Which fits? On-level or accelerated courses, learning at your own pace


Saydria Ostler

AP and honors classes may look good on college applications, but they require more homework. For some students, it is not too much to handle, but those classes are not the right fit for everybody.

Every year, students face the decision of whether or not they are going to take honors/AP or on-level classes. Students can earn college credit by taking AP classes in addition to earning the high school credit. AP classes can improve a weighted GPA. However, the classes are rigorous and more demanding than the traditional on-level courses. On-level classes move at a slower pace, allowing more time to learn the material, but less material that students go through. So, the question stands: is it worth it?

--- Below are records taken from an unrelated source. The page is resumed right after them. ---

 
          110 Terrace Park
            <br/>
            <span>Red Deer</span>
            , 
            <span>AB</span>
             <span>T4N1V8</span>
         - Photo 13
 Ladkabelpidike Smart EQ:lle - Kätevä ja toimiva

AP classes serve as preparation for college level classes. “I took AP classes because I wanted to get a good education and be ready for college,” said junior Sahir Jahan. Jahan plans on entering the field of electrical engineering after attending university. “The environment of accelerated classes is very good. You have people who are motivated, just like you, so you learn well,” said Jahan. Accelerated courses provide students with others of a similar mindset as well as preparing them for school after graduation. 

However, AP classes might not be the best fit for everyone. “AP classes are a lot of homework, take a lot of time, and I feel like they’re learning the same stuff as on-level classes,” said junior Preston Welker. Welker has not taken any AP classes but has taken honor and on-level classes. “You get to meet different people in on-level rather than sticking with the same group. I felt like I had more of a high school experience and learned more because I wasn’t rushed,” said Welker. Because on-level courses cover material for longer amounts of time, it provides students with the opportunity to better internalize the material.

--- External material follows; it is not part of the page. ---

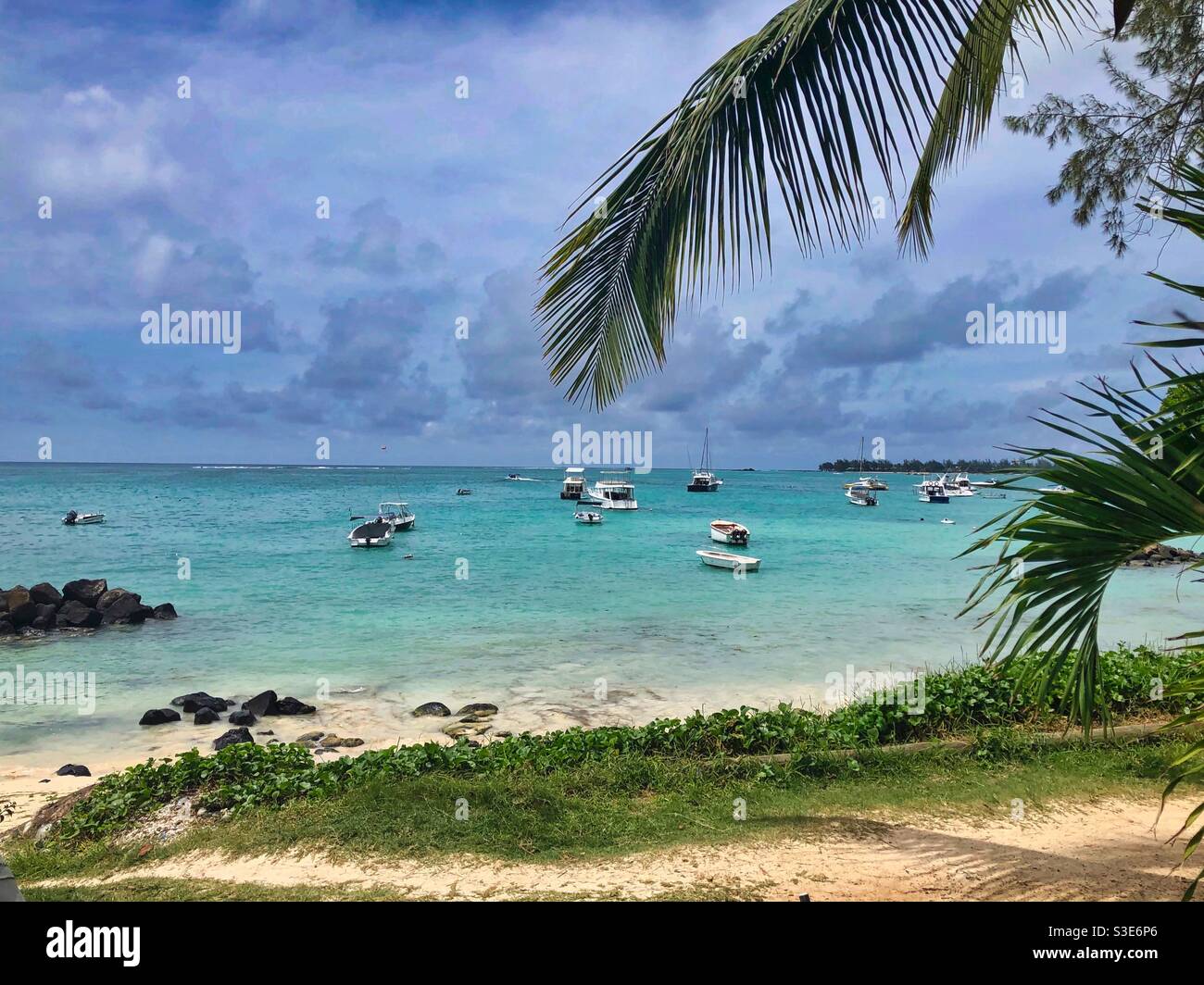 Seeboote an einem bewölkten Tag in Trou-aux-Biches, Insel Mauritius. Stockfoto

While AP classes benefit some students in the long run, they are not without their drawbacks, according to senior Hallie Johanson. “There are a lot of cons. There’s so much work. It’s very stressful and draining. Sometimes, the classes go too fast, because it doesn’t matter if you get it or not; you gotta keep going,” said Johanson. 

However, accelerated courses are not all-or-nothing. Many students get stuck in the headspace that they have to take all AP/honors or all on-level, “Some courses, I’m naturally better at, so if I was in an on-level class, I would hate it. But when it comes to other subjects, I feel like you need more time to go over it. I would say it’s not as worth it if you’re not strong in those classes,” said Johansen. 

A hard reality if that just because you may be good at memorizing facts and information does mean that you will perform well in accelerated courses. “Students have to know that those AP classes aren’t for students who can just memorize things well. [AP classes] are learning thinking skills. And I think that’s a good thing, because some students think differently,” said AP World History Modern teacher John Prothro. 

At the end of the day, it all depends on what is best for you as a student, because everyone has different goals, different responsibilities, and different interests. Just because it works for someone, does not mean that it will work for you. So take the time to research the class and ask friends or siblings who have taken the class to decide whether or not it is worth it for you to take the course.